Suka Unggah Foto Tiket Pesawat ke Media Sosial? Waspada, Peretas Bisa Akses Data Pribadi Anda

[Foto: seriouslytravel.com]
Banyak cara yang dilakukan orang untuk mengekspresikan kebahagiaan ketika berpelesiran. Salah satunya adalah memotret dan mengunggah tiket pesawat ke media sosial. Namun, tahukah Anda bahwa tindakan ini ternyata mengandung banyak bahaya?

Peneliti dari perusahaan keamanan Cyber Security Research Lab, Karstein Nohl dan Nemanja Nikodejevic mengungkapkan bahaya yang bisa terjadi jika mengunggah foto tiket pesawat ke media sosial. Menurut penemuan mereka, penyebabnya adalah adanya celah keamanan dalam sistem yang digunakan untuk menangani booking penerbangan.

Seperti diketahui, setiap tiket memiliki kode booking yang tercetak dan tercatat dalam Global Distributed Systems (GDS). GDS adalah istilah untuk menyebut sistem yang mengelola booking penerbangan di seluruh dunia. Jenis sistem GDS bermacam-macam, tetapi 90 persen penerbangan di dunia memakai sistem milik Amadeus, Sabre, dan Travelport.

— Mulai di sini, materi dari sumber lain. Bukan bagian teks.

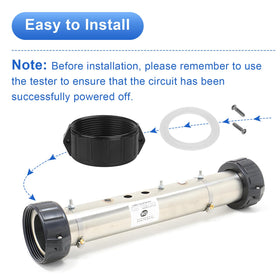 ArrogantF easy-install spa heater union shown for fast setup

Menurut Nohl dan Nikodejevic, semua GDS dibuat dari sistem lama yang banyak dipakai pada era 70-an dan 80-an. Tidak ada perubahan apapun dalam sistem lama tersebut, melainkan hanya disatukan dalam infrastruktur web modern dan memakai otentifikasi yang sama tuanya.

Setiap kali penumpang memesan sebuah tiket, maka GDS akan menandainya dengan kode enam digit. Kode tersebut juga dipakai sebagai kode booking, yang biasanya tercetak di tiket dan kertas penanda barang bawaan.

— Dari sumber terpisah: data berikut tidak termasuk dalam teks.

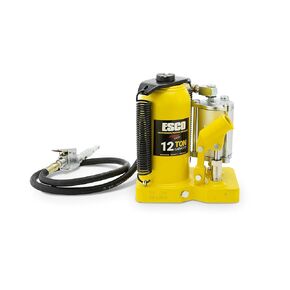 Pro Series 12 Ton Air Hydraulic Bottle Jack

Di sinilah letak masalahnya. Kode enam digit tersebut juga berguna untuk mengakses informasi pribadi pemiliknya. Peretas cukup mencatat kode tersebut, lalu dengan cara tertentu akan bisa memakainya untuk menemukan data pribadi penumpang yang tersimpan di GDS, seperti nomor kartu kredit, telepon, alamat, dan nama lengkap.

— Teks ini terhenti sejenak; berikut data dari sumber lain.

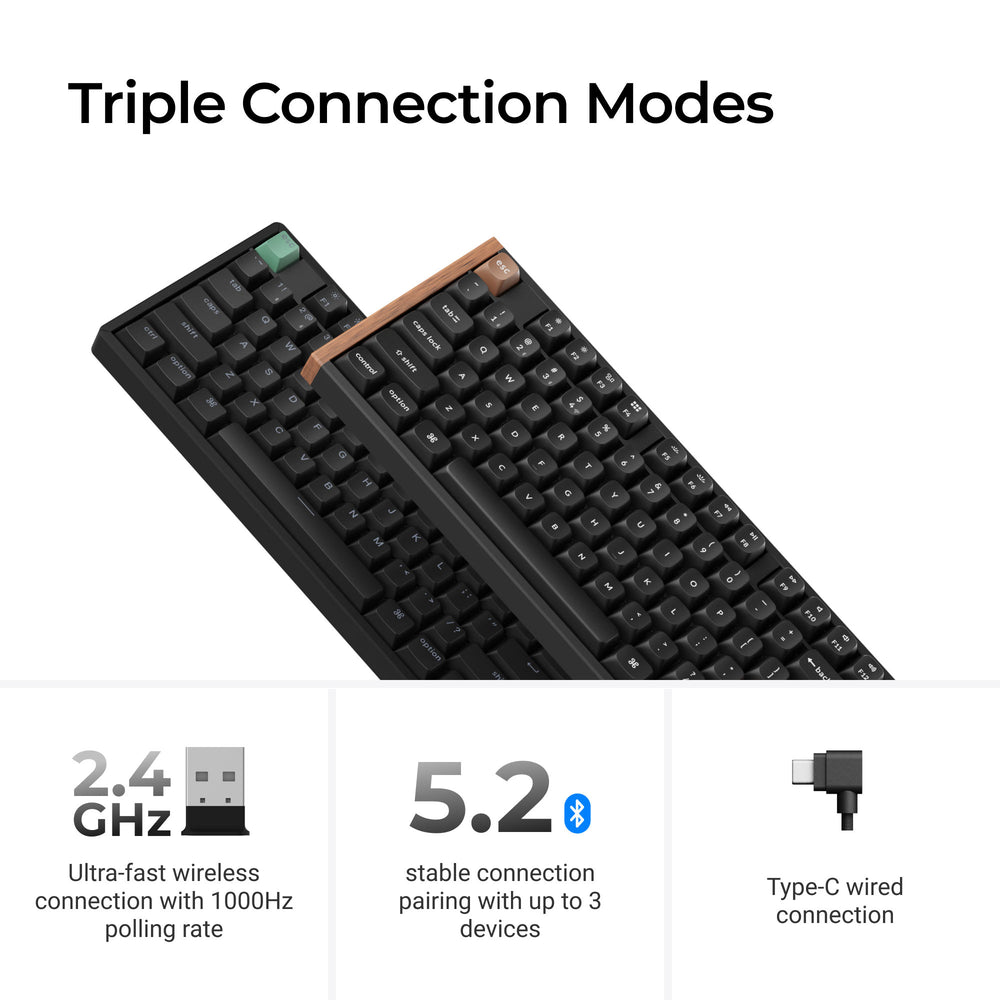 Keychron K10 HE Wireless Magnetic Switch Custom Keyboard ISO Layout Collection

Masalah lainnya, kode pemesanan tiket penerbangan biasanya tidak mengandung angka satu atau nol untuk menghindari kebingungan komputer terhadap varian I atau O. Nohl mengatakan, kode penerbangan juga jarang menggunakan huruf besar atau karakter huruf tersendiri.

Semua faktor ini, menurut Nohl, akan memudahkan peretas berniat jahat untuk menebak apa saja kode yang bisa diakses dalam sebuah penerbangan di hari yang spesifik. Ujung-ujungnya, tanpa harus mengutak-atik jadwal terbang, seorang peretas setidaknya masih sangat mudah mencari tahu identitas si pemesan tiket.

Lebih parahnya lagi, menurut Nohl dan Nikodejevic, peretas yang memiliki kode booking juga bisa memanfaatkannya untuk meraup keuntungan finansial. Peretas mungkin saja mengambil data terbang seorang pelanggan (frequent flyer) untuk menguntungkan dirinya sendiri. Atau mungkin saja si peretas mengubah jadwal penerbangan tanpa diketahui, atau membatalkan dan menukarnya dengan hal lain.

Mereka mengatakan, biasanya sistem GDS dan situs milik maskapai penerbangan tidak memiliki lapisan keamanan yang kuat. Akses menuju informasi pribadi penumpang bisa dilakukan dengan mudah, tanpa harus menggunakan identitas spesifik. Untuk melakukan pencarian identitas yang tersimpan di dalamnya, sistem tidak membatasi berapa kali orang bisa melakukannya. Sekali masuk, peretas juga bisa mengakses fitur pencarian identitas berulang kali.

Nohl dan Nikodejevice mengatakan bahwa solusi untuk masalah ini cukup sederhana, yaitu perusahaan perlu keamanan cyber yang lebih baik. Contohnya, membuat akses ke riwayat penerbangan hanya bisa diakses alamat IP tertentu, lalu memasang captcha untuk menghalangi pembobolan.

Beberapa maskapai penerbangan mengaku sudah mendengar paparan Nohl, dan bersiap menerapkan sistem keamanan cyber yang lebih baik. Masalahnya, enam kode digit dalam sistem pemesanan tiket internasional sejak awal tidak dirancang sesuai alam pikir internet. Selain itu, sebagian besar maskapai penerbangan juga merasa nyaman dengan mekanisme tiket yang sekarang.

Jadi bisa Anda bayangkan, betapa bahayanya jika suka mengunggah foto tiket pesawat ke media sosial, bukan?